III) Quelle sagesse Voltaire nous invite à déduire ?

Par rapport à ces deux univers, on peut se demander quelle sagesse Voltaire nous invite à déduire. Pour le château, il n’y a pas de sagesse à tirer. Tout est condamné et critiqué. Pour la métairie : Tous les personnages qui se retrouvent dans le dernier chapitre sont de grands voyageurs malgré eux : ils ont connu de nombreux malheurs. Ils vivent mal cet enfermement. C’est pourtant dans cette métairie que Voltaire les « emprisonne «. Les personnages vont pouvoir voir autour d’eux le monde et ses malheurs. Ce spectacle devra leur rappeler les malheurs qu’ils ont connus mais en même temps, le monde de la métairie semble ignorant des malheurs. Les personnages pourront don tirer un enseignement logique qui les poussera à vouloir rester. Comme c’est un conte, Voltaire conserve le caractère essentiel de la fin d’un conte : une moralité qui est ici « Il faut cultiver son jardin «. Pangloss et Martin ne la comprennent pas. C’est une sagesse toute philosophique (depuis l’Antiquité) qui repose sur trois aspects :

    - le refus des ambitions : On se montre beaucoup plus simple. C’est pour cela que Voltaire énumère sur une page les grands personnages qui avaient trop d’ambitions. Il les énumère pour que ses personnages ne connaissent pas la même fin : une mort violente. C’est donc la « vie à la campagne «.

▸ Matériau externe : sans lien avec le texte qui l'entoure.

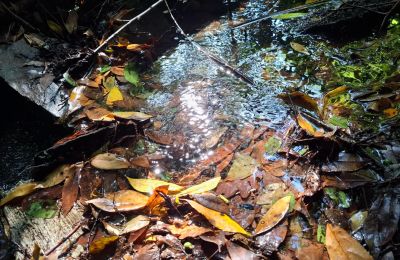 Casa senhorial à venda Galiza, Imagem 33/48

    - Le refus des raisonnements et des discours inutiles. Voltaire n’a cessé d’évoquer les discours de Pangloss.

    - Montrer tout les bienfaits du travail. Le travail est salvateur. Le vieillard en est le parfait exemple. Les personnages se dirigent donc vers les activités manuelles et non plus intellectuelles. La culture des terres, l’artisanat … sont des termes répétant les mots « travailler « et « cultiver «.

 

Conclusion

Le premier chapitre et le dernier mettent tout deux en scène « le jardin « de manière différente. Là où tout était donné par Dieu, ce sont les Hommes qui doivent cultiver leur terre pour avoir ce dont ils ont besoin. Ce sont deux chapitres très important qui, dans leur comparaison, mettent en évidence les buts de Voltaire. Sur le fond des deux chapitres, il y a une opposition. C’est l’opposition du monde de l’illusion au monde de la réalité.

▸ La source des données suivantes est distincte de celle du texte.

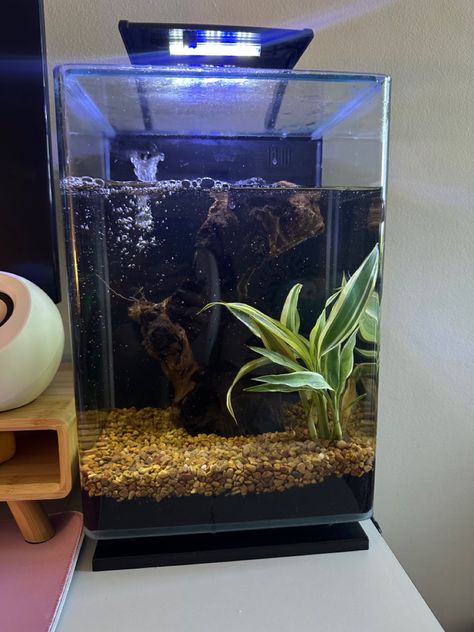 5 gallon betta fish tank with plant, gravel & plant substrate. Naturally colored with mopani driftwood. Planted Fish Tank, Fish Tank Gravel, Betta Tank, Plant Crafts, Betta Fish Tank, Desk Setup, Betta Fish, Gaming Setup, Fish Tank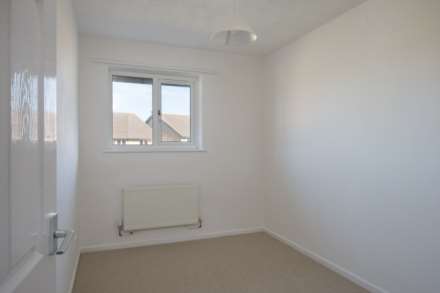 Studley Knapp, Walnut Tree, Image 8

Dans le chapitre XXX, Voltaire favorise les valeurs de solidarité, d’égalité, il recherche les vrais fondements de l’Homme dans l’univers. Entre le chapitre I et XXX, on bascule de l’amour à l’amitié (« l’amitié est plus forte que l’amour «). On passe de l’oisiveté au travail (le travail peut permettre à l’Homme de s’épanouir). Il doit être accompagné de sagesse : d’action, de rendement, de relation humaine. L’illusion de l’optimisme est une réalité, qui n’est pour autant pas pessimiste. A la fin du conte, Candide est devenu le maître. Il jouit enfin des biens qu’il possède. Il a une sagesse fondée sur cette solidarité entre les êtres.